If the total HAC score can be so dependent on the contribution of one discordant domain or the other, than what are we to make of those hospitals with missing numbers? What kind of pressure is being put on hospitals to make their records look good one way or another? Are hospitals that make an honest effort to accurately bill and report quality measures being penalized? Are some U.S. hospitals “gaming” the quality-reporting system in the same way that hospital billings have been gamed to the financial advantage of hospitals? Ultimately, can it be said that the existent HAC Reduction program is fair to hospitals’ finances or to their reputations? In my opinion, the answer is no, it is not fair. Can someone make the case that it is?

Whether such scores as above can fairly distill the fantastically complicated operations of a hospital into a simple number valid enough to determine payments is in my mind an unproven hypothesis. Even if it were, is taking away resources going to make things better or worse? It is not that I think that the various quality or performance indicators being used here are without value— indeed, they are important objective outcome measures that we need more of.
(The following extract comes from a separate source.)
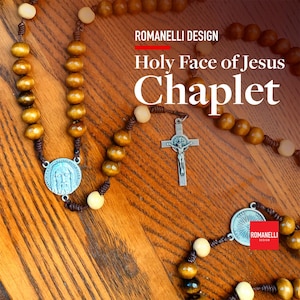 Pu&ograve; includere: Rosario in legno con grani marroni, un crocifisso d'argento e una medaglia con il Volto Santo di Ges&ugrave;. Il rosario &egrave; esposto su una superficie di legno. Il testo "Holy Face of Jesus Chaplet" &egrave; visibile.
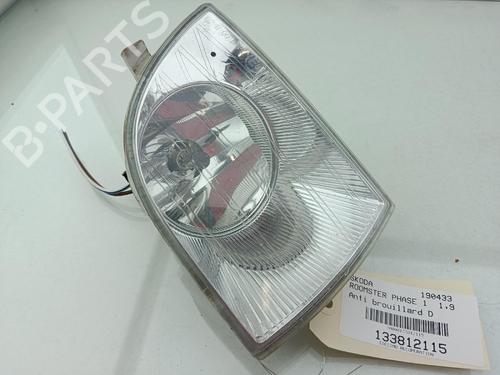 Used Right front fog light Right front fog light SKODA ROOMSTER (5J7) 1.9 TDI (105 hp) 39664856 39664856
Hospitals with high infection rates need to do better or explain themselves. Similarly, hospitals with high rates of bed sores, wound dehiscence, postoperative infections, or falls are being shown where they need to be better. Patients with a choice or their payers should be watching how hospitals react to their ratings. Increased clinical transparency is here for good.

Some of my readers may interpret my concerns about the validity or utility of current comprehensive quality-scoring systems as a reason to ignore them altogether, or at least not to attach any undue negative connotation to a poor showing. I cannot let every hospital off the hook so easily. As long as some hospitals continue to brag about the good ratings they might have received from Medicare or one of the many other quality-evaluating organizations, they get little sympathy from me when they get an unfavorable rating, nor should they from my readers.

Peter Hasselbacher, MD
President, KHPI.
Emeritus Professor of Medicine, UofL
December 29, 2014

Addendum:
Why was a HAC cutoff chosen that penalized fewer than the worst 25% of hospitals?
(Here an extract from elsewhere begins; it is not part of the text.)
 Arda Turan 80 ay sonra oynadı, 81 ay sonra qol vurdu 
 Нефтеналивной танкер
Recall that there was some confusion, indeed errors in national reporting on how many hospitals received the 1% penalty. According to “Table 17” in which CMS gives its official notice of penalized hospitals, 3300 eligible acute care hospitals received a HAC score and 724 of these (21.9%) were awarded the 1% reduction. The average score of all was 5.41 and the 75th percentile was at 7.0. By statute and regulation, CMS may apply the 1% penalty to the “worst performing quartile” with respect to risk-adjusted HAC quality measures. This is not the same as dinging the the top 25% of hospitals with the worst scores which would be 825 hospitals! (I think I got this right!)
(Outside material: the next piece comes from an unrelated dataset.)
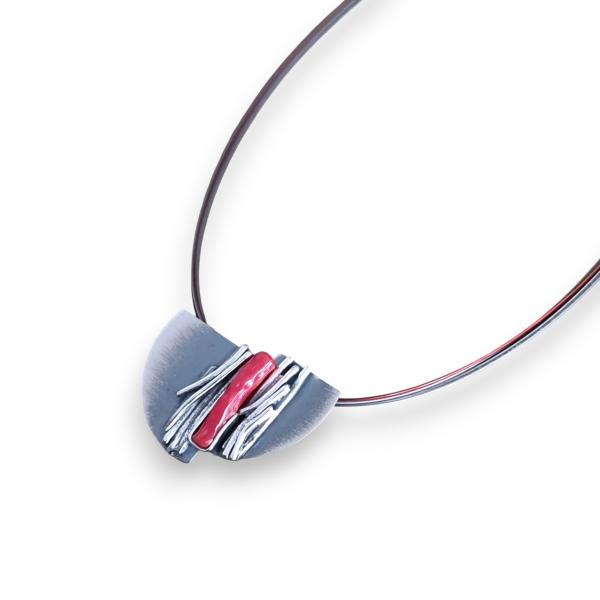 Halsschmuck mit Koralle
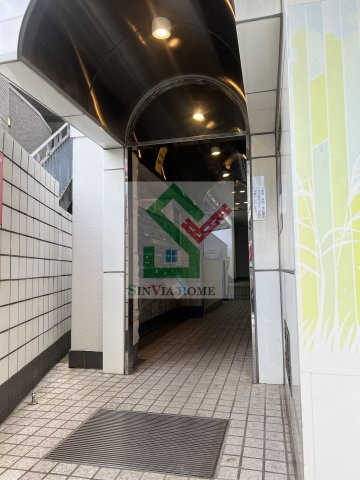 高橋ビルのエントランス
The 75th percentile of the scores themselves, above which the penalty would apply, was 7.0 . However, because there were so many hospitals (143) with a score of exactly 7.0, if all hospitals with 7.0 or more were penalized, the total number (867) would exceed 25% of all eligible hospitals. By virtue of the way the total HAC score is constructed, and with so many Domain 2 scores missing, there were only 187 different discrete scores awarded of which a disproportionate  number were simple integers. A score of 7 was the single most common one.  CMS may have anticipated this result and has been careful to state that a top quartile “may be subject to a 1% penalty.” As far as I am aware, the law does not prohibit CMS from penalizing more than 25% of all hospitals, but it would make for bad press and angry providers. Given that this is the first year of the program’s full implementation, the solution chosen seems reasonable.

I thank Jordan Rau of Kaiser Health News for this illumination!